Tariff uncertainty impacts China’s economy in May
Rate of growth in retail sales, industrial production and fixed capital investment below previous months as momentum slows but consumption rises with incentives

BEIJING
China’s economy started to feel the effects of tariff uncertainties last month as trade tensions with the US escalated.
The country’s retail sales rose 6.4% and industrial output 5.8% year-on-year in May, while fixed asset investments climbed 3.7% in the last five months on an annual basis, according to the National Bureau of Statistics (NBS).
Industrial production rose 5.9% in January and February, 7.7% in March and 6.1% in April.
Retail sales increased 6.4% in May after a 5.1% rise in April, following a 4% hike in January and February and 5.9% rise in March.
Beijing is prioritizing policies to stimulate domestic demand to offset the decline in external demand that came from tariffs. The central and local governments’ incentive programs for consumer products brought an increase in consumption.
China’s trade-in program for home automobiles, home appliances and electronics generated $153 billion in sales as of the end of May, according to the Ministry of Commerce.
Fixed asset investments, which include infrastructure, real estate, machinery and equipment spending, increased 3.7% on an annual basis in the first five months of the year, short of the 4% increase in the first four months.
Infrastructure investments in China rose 5.6% in January-May and manufacturing investments 8.5%.
At the same time, the ongoing decline in the real estate sector extended to May, with property investments down 10.7% in the first five months—a faster rate of decline compared to the first four months of the year, which saw a 10.3% drop.
Fixed asset investments excluding real estate climbed 7.7% in January-May, while the overall unemployment rate in cities fell from 5.1% in April to 5% at the end of May.
Against the backdrop of these developments is the tariff dispute between China and the US.
US President Donald Trump announced sweeping reciprocal tariffs on April 2, which also targeted the US’s large trade partners like China.
China retaliated against the tariffs, and the back-and-forth tariff hikes between Washington and Beijing led to tariffs of 145% on China and 125% on the US in the end, until American and Chinese officials met in Geneva in May to negotiate, leading to a 90-day tariff pause.
For the following 90 days, the US agreed to reduce its tariffs on China from 145% to 30% and China from 125% to 10%.
On May 30, however, Trump accused China of violating most of the agreement and said he would hold discussions with Chinese President Xi Jinping for a resolution.
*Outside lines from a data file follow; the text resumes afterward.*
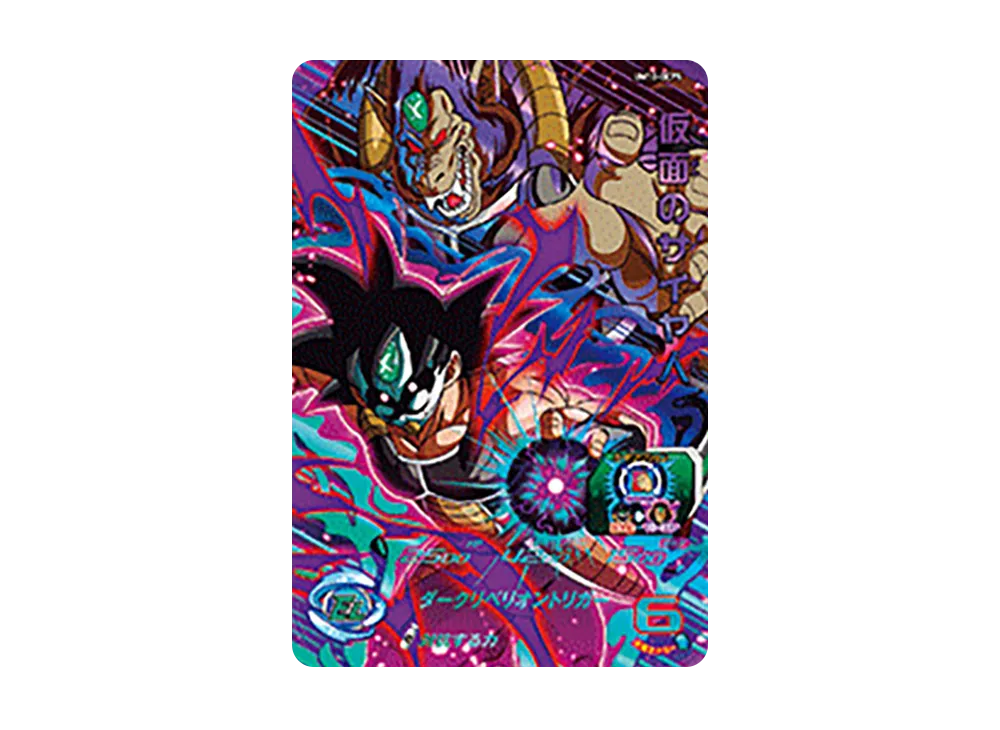 ロベル SR [UM10-041](スーパードラゴンボールヒーローズ「ユニバース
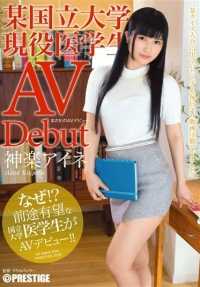 DIC-019 一个尴尬的女学生每天敏感的乳头生活，在乳头挑逗成为日常生活一部分的世界里，她不知道自己的乳头正在被挑逗，她让乳头变硬，甚至让乳头高潮（蓝光光盘） (BOD)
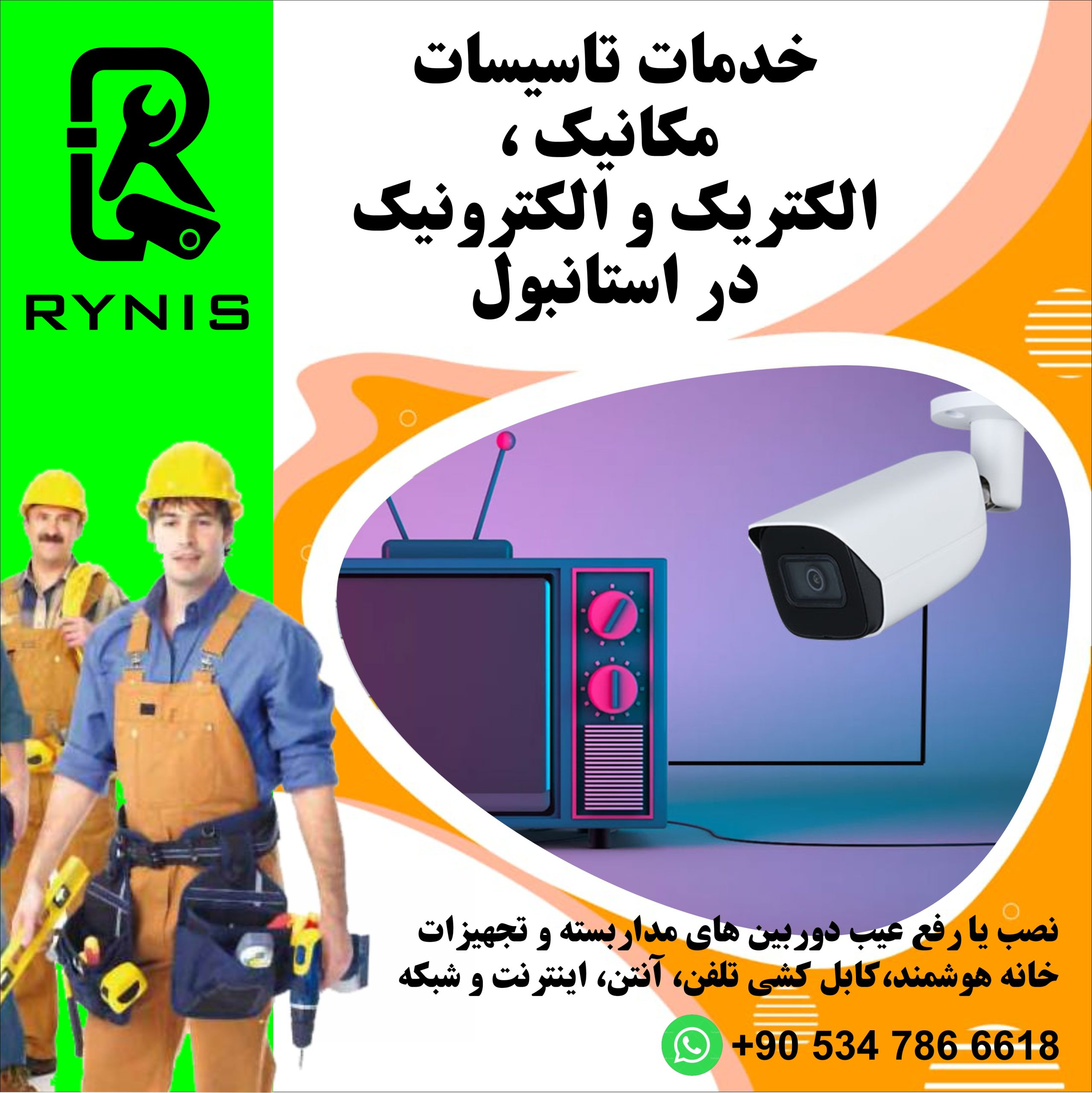 خدمات تاسیسات مکانیک و الکتریک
Early this month, the two leaders had a phone call, during which the two sides agreed to continue the agreement they had reached in Geneva.
Delegations from the two countries met in London in June 9-10 for another round of negotiations and announced that a framework for measures to be implemented was reached.
Trump announced next that US tariffs on China will be at 55% and China would only impose 10% on the US, though the Chinese side has yet to confirm this.